第25回RADIOISOTOPES誌「論文奨励賞」受賞者(2021年)

受賞者
(投稿時の所属)
掲載号
論文種別
論文タイトル
授賞理由
堀内 寛仁
(早稲⽥⼤学理⼯学術院総合研究所)
Vol.69,No.4
原著
電子線グラフト重合法を用いた微細構造を有する温度応答性細胞培養膜の作製
本論文は,生体細胞の配向性培養膜の作製及び評価を行なっている。
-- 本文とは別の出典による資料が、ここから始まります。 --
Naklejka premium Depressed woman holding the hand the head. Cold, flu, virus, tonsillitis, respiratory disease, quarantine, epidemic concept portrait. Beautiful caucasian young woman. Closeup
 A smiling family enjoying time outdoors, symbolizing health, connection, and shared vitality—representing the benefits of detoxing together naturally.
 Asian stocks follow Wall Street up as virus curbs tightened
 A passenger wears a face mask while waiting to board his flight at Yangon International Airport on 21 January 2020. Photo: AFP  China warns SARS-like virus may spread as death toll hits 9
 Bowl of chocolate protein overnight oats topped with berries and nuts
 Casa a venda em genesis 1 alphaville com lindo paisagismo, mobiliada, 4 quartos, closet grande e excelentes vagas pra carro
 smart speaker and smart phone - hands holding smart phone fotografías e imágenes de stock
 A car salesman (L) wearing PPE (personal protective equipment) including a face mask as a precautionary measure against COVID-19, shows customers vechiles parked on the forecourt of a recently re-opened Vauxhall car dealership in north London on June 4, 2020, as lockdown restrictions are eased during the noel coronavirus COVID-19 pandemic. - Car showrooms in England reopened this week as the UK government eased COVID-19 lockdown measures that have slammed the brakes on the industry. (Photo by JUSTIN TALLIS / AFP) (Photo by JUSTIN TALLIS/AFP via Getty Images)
エチレン-テトラフルオロエチレン共重合体に電子線を用いて(N-イソプロピルアクリルアミド)をグラフト重合して修飾することにより温度応答性膜を作成し,それを平行微細溝をもつSiモールドで熱インプリントすることによって,微細構造をもつ温度応答性細胞培養膜を作製した。この膜を用いると細胞が配向性をもって増殖することを示すことができた。当該論文の成果は,今後の再生医療分野の発展の基礎となるものである。
以上のことから,論文奨励賞に値すると判断した。
上垣 直人
(大阪⼤学大学院工学研究科ビジネスエンジニアリング専攻)
Vol.69,No.5
原著
放射線還元法を用いたメソポーラスシリカを担体とした貴金属ナノ粒子の合成
本論文は,放射線を使ってナノ粒子を生成する現象に着目し,その反応場を多孔質材料中の微細細孔の中にとり,局所反応場におけるナノ粒子生成反応が実際に生じていることを示した。また,金属種の化学状態から還元反応が進行していることを示した。本成果は,放射線を用いた新たな材料開発への端緒を拓くものである。
以上のことから,論文奨励賞に値すると判断した。
大石 皓平
(新潟⼤学大学院自然科学研究科)
Vol.69,No.9
原著
酸素・水素安定同位体比(δ18O,δD),トリチウム(T)濃度および各種イオン濃度から見た近年の新潟市の湖沼水系と降水の特徴
新潟市内の湖沼を対象として,水循環及び化学環境を把握するため,そのソースとなりうる降水を含め,酸素・水素同位体,トリチウム濃度,及び主要湖沼水中のイオン濃度の空間並びに時間変動を求めまとめている。一般に,この種の研究では,多様な要因が混在するため明瞭な結論を得ることは困難であるが,複数のトレーサーからなる新しい変数を導入する等,新しい研究の方向性の萌芽がみられる。
以上のことから、論⽂奨励賞に値すると判断した。